In the month of March every year as a child, I had a strange idea about the green hills. I believed that if I climbed up and over one of those rolling wonders, I would enter a magical world full of vibrant hues, edible flowers tasting of Turkish Delight, talking felines and pink skies. I would drag my parents on hikes and insist on climbing over the highest emerald-colored ridge. They were surprised by my endurance: I could climb and climb, always seeking that path to another dimension. Even though I never found it, I was sure that I just hadn’t climbed the right slope yet.
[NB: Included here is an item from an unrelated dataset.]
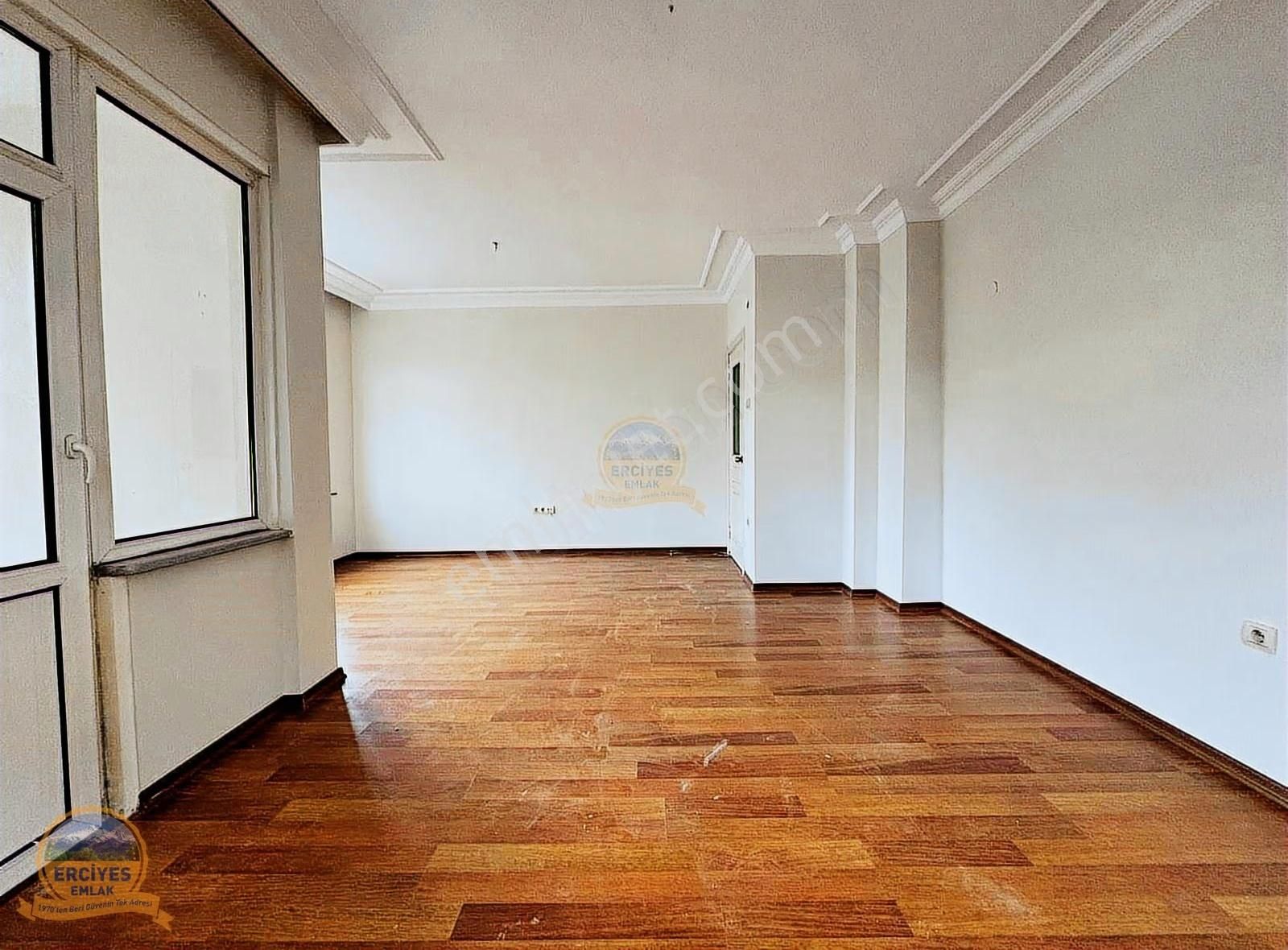 Erciyes'den Feneryolunda 3+1 Balkonlu, Kombili 125 M² Kiralık - Görsel 9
One rainy afternoon when I was six, I got into an argument with my mom about Barbie dolls. (She wouldn’t allow them.) I decided to run away. Now was the time for me to seek that wondrous place I knew existed! I snuck out of the house (this memory strikes terror into me now that I’m a mother) and headed Uphill. I walked several blocks, seeking that greenest gradient. I fell and cut open my knee and began to cry but I continued to hobble upwards. A kindly neighbor found me, and I told her about my quest. As I was telling my woeful tale of how grim this world was, and how vibrant my imaginary world would be, it began to rain again. I was cold, and so I allowed the neighbor to walk me home.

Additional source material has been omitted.